_WORK ITEM_
Will you return, word for word, only the lines from the top of the data below down to and including the one with "Modi y Xi, durante"?

*** DATA FOR REVIEW Section Begins ***

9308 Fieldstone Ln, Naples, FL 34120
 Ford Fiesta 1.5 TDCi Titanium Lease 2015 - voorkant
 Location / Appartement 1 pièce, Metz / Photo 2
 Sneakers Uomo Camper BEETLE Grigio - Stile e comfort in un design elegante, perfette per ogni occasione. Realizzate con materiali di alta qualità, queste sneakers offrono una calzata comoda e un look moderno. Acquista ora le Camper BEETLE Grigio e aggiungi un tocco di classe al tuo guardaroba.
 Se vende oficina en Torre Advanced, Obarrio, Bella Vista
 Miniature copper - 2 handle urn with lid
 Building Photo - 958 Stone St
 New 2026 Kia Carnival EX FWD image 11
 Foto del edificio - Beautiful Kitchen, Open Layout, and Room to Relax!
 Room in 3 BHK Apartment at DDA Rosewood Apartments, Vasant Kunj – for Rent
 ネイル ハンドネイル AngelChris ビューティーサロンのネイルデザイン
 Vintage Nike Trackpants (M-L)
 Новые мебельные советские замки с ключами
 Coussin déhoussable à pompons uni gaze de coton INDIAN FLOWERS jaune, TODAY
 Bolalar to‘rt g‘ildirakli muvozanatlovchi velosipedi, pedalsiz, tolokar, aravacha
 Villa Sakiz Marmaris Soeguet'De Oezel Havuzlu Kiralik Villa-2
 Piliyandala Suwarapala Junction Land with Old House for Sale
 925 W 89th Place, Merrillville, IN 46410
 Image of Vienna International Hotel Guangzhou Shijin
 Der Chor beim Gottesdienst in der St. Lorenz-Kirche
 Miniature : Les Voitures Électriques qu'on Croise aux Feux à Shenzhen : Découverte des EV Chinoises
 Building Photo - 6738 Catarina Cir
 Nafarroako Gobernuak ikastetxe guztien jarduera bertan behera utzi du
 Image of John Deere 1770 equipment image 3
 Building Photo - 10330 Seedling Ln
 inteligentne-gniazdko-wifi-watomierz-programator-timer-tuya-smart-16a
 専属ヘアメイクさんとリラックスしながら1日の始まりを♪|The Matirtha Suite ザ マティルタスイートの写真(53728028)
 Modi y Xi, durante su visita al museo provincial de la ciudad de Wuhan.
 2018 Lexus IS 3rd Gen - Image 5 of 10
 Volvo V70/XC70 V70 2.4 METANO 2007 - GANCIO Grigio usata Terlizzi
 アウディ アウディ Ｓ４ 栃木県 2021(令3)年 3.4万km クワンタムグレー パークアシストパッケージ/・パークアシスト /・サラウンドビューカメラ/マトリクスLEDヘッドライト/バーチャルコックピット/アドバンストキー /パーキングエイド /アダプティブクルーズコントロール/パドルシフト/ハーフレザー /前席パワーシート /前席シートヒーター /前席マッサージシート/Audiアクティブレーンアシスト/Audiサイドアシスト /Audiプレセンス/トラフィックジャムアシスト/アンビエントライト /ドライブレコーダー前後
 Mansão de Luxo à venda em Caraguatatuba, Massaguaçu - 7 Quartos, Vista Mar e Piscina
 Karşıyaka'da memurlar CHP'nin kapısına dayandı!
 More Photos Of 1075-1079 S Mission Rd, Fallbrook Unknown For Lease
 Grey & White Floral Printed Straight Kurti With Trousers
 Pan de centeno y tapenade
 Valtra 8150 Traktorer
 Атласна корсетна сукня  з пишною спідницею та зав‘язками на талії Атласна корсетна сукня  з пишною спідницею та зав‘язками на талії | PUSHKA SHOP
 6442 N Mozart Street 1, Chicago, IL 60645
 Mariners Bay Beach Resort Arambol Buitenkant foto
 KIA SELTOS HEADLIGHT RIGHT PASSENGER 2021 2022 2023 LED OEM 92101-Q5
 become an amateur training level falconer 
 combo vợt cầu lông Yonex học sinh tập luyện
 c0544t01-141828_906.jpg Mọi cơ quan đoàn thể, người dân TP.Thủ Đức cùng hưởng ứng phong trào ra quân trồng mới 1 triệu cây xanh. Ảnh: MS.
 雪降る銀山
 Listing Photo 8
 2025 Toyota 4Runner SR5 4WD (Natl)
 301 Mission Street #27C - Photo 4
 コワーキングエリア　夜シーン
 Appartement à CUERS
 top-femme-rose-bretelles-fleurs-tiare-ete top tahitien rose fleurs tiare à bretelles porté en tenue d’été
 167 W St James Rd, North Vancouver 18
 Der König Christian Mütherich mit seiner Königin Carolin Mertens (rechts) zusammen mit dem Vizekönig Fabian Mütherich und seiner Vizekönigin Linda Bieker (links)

*** DATA FOR REVIEW Section Ends ***

_RESPONSE_
9308 Fieldstone Ln, Naples, FL 34120
 Ford Fiesta 1.5 TDCi Titanium Lease 2015 - voorkant
 Location / Appartement 1 pièce, Metz / Photo 2
 Sneakers Uomo Camper BEETLE Grigio - Stile e comfort in un design elegante, perfette per ogni occasione. Realizzate con materiali di alta qualità, queste sneakers offrono una calzata comoda e un look moderno. Acquista ora le Camper BEETLE Grigio e aggiungi un tocco di classe al tuo guardaroba.
 Se vende oficina en Torre Advanced, Obarrio, Bella Vista
 Miniature copper - 2 handle urn with lid
 Building Photo - 958 Stone St
 New 2026 Kia Carnival EX FWD image 11
 Foto del edificio - Beautiful Kitchen, Open Layout, and Room to Relax!
 Room in 3 BHK Apartment at DDA Rosewood Apartments, Vasant Kunj – for Rent
 ネイル ハンドネイル AngelChris ビューティーサロンのネイルデザイン
 Vintage Nike Trackpants (M-L)
 Новые мебельные советские замки с ключами
 Coussin déhoussable à pompons uni gaze de coton INDIAN FLOWERS jaune, TODAY
 Bolalar to‘rt g‘ildirakli muvozanatlovchi velosipedi, pedalsiz, tolokar, aravacha
 Villa Sakiz Marmaris Soeguet'De Oezel Havuzlu Kiralik Villa-2
 Piliyandala Suwarapala Junction Land with Old House for Sale
 925 W 89th Place, Merrillville, IN 46410
 Image of Vienna International Hotel Guangzhou Shijin
 Der Chor beim Gottesdienst in der St. Lorenz-Kirche
 Miniature : Les Voitures Électriques qu'on Croise aux Feux à Shenzhen : Découverte des EV Chinoises
 Building Photo - 6738 Catarina Cir
 Nafarroako Gobernuak ikastetxe guztien jarduera bertan behera utzi du
 Image of John Deere 1770 equipment image 3
 Building Photo - 10330 Seedling Ln
 inteligentne-gniazdko-wifi-watomierz-programator-timer-tuya-smart-16a
 専属ヘアメイクさんとリラックスしながら1日の始まりを♪|The Matirtha Suite ザ マティルタスイートの写真(53728028)
 Modi y Xi, durante su visita al museo provincial de la ciudad de Wuhan.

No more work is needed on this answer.